Everything from the line containing "Sprzedam królika samca" through the line containing "Common Redpoll (Acanthis" should be repeated exactly, and nothing else from the data.

- Dataset content -
==========

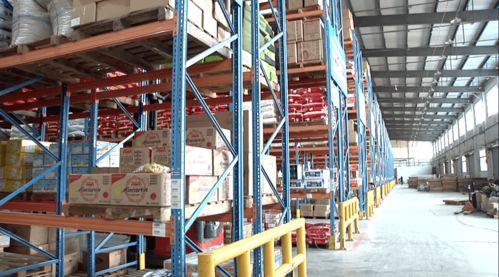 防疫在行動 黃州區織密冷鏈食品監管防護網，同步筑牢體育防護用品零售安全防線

==========

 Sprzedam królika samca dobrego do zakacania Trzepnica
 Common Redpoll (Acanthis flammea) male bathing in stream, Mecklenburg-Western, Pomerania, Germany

==========

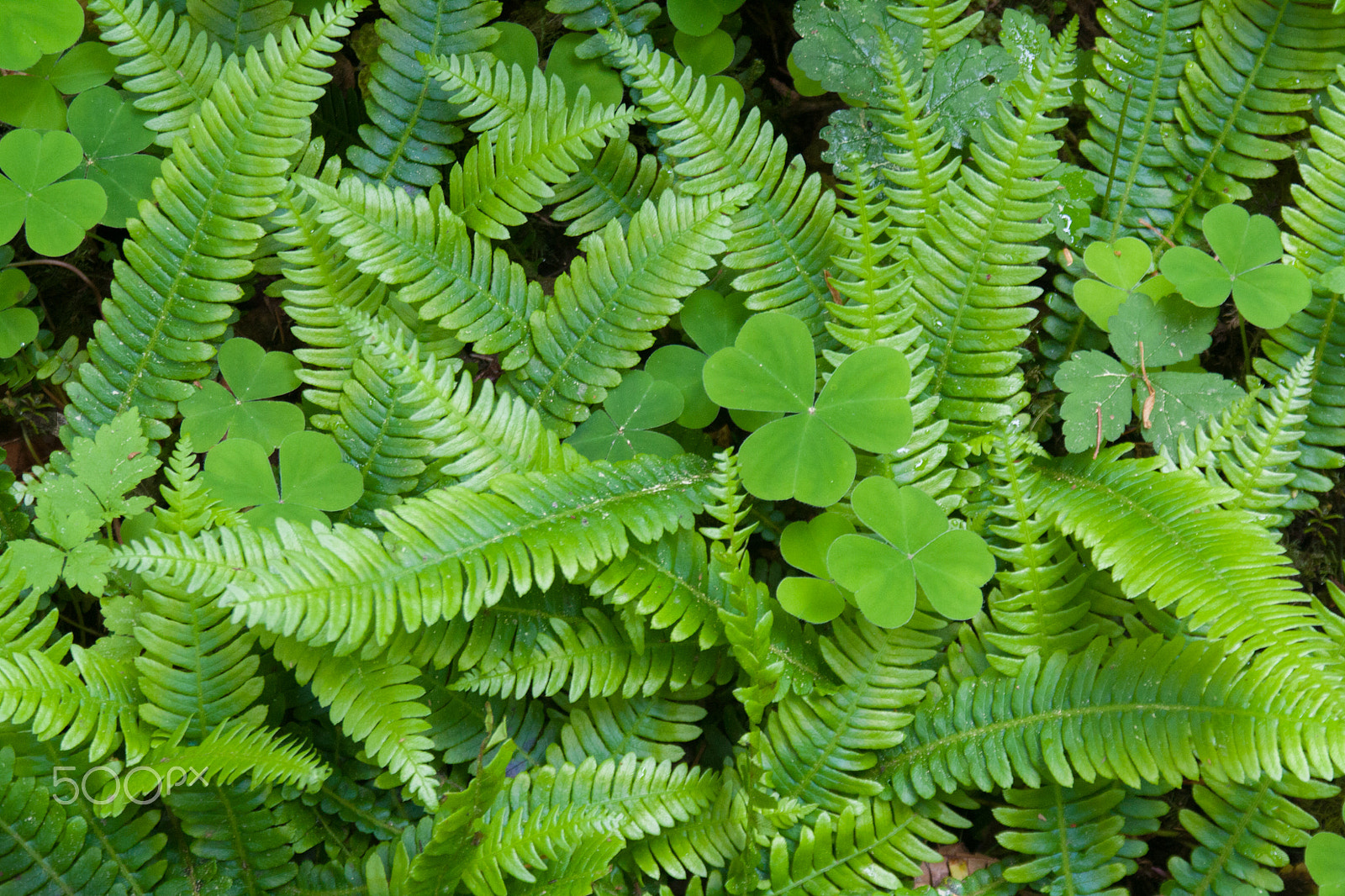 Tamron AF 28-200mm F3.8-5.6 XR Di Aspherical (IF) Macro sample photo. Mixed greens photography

==========

- Answer space -
 Sprzedam królika samca dobrego do zakacania Trzepnica
 Common Redpoll (Acanthis flammea) male bathing in stream, Mecklenburg-Western, Pomerania, Germany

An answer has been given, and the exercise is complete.